La plus grande crainte est que la Chine restreigne l'approvisionnement en minéraux essentiels utilisés dans des articles allant des électroniques aux voitures, a déclaré le fonctionnaire du gouvernement japonais.
Malgré les efforts du Japon pour diversifier, la Chine fournit encore environ 60 % de ses importations de terres rares, selon les estimations de la société de recherche macroéconomique Capital Economics.
Un boycott plus large des produits japonais en Chine, comme cela a été le cas en 2012, pourrait entraîner une perte de ventes équivalente à environ 1 % du PIB du Japon et nuire à son principal secteur automobile, a déclaré Marcel Thieliant, directeur de la société pour l'Asie.
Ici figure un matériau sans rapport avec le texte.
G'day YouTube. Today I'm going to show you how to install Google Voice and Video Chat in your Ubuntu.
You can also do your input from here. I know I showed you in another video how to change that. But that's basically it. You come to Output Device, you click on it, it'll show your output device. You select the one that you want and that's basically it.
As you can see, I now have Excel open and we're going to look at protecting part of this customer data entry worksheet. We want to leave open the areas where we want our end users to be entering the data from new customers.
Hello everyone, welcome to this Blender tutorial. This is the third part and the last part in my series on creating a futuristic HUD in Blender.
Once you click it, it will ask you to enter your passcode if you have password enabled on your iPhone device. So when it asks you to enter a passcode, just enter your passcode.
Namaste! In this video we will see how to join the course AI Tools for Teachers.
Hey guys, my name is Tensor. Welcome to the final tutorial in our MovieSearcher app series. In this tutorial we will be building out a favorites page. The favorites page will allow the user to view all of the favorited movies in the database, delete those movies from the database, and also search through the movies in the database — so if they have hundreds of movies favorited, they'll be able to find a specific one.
Les efforts de Tokyo pour contenir les tensions actuelles n'ont servi qu'à illustrer la profonde division.
Liu Jinsong, une autorité senior chinoise qui a reçu son collègue japonais à Pékin mardi, a décrit ses entretiens comme “solennels”. Les deux parties ont réitéré leurs doléances, selon les résumés officiels de la réunion.
Même le choix de la tenue de Liu était un symbole de défi, a déclaré les médias d'État.
Le style à cinq boutons et sans col de son costume est associé à une révolte d'étudiants chinois en 1919 contre l'impérialisme japonais, qui a également été un tournant sur la voie de la modernité de la Chine.
Les images vidéo diffusées par la télévision chinoise après la réunion montraient Liu debout, séparé de son collègue japonais, les mains dans les poches, un acte généralement perçu comme irrespectueux dans des environnements formels.
“É évidemment que les Chinois font la majeure partie de la diplomatie à huis clos”, a déclaré Chan, du Eurasia Group. “Ils sont maîtres dans ce domaine. Donc, le fait qu'ils aient fait cela devant les caméras suggère qu'ils veulent que le monde entier en soit témoin.”
Les deux autorités du gouvernement japonais ont déclaré qu'il n'y avait pas de moyen clair de tenter de rompre l'impasse. “En ce moment, il n'y a même pas de point de départ pour des améliorations”, a déclaré le deuxième fonctionnaire.
Pendant ce temps, la Chine intensifie ses attaques contre Takaichi.
Un diplomate chinois a semblé menacer de décapitation dans une publication rapidement supprimée sur un réseau social, un commentateur nationaliste proéminent l'a qualifiée de “méchante sorcière” et un dessin sur le compte du réseau social X des forces armées de la Chine l'a représentée en train de brûler la constitution pacifiste du Japon.
“Je suis sceptique quant à l'existence d'une issue à court terme, du moins jusqu'à ce qu'ils (la Chine) rencontrent à nouveau des problèmes dans leurs relations avec Washington et ressentent le besoin d'essayer d'attirer le Japon”, a déclaré un diplomate senior américain en Asie, s'exprimant sous couvert d'anonymat.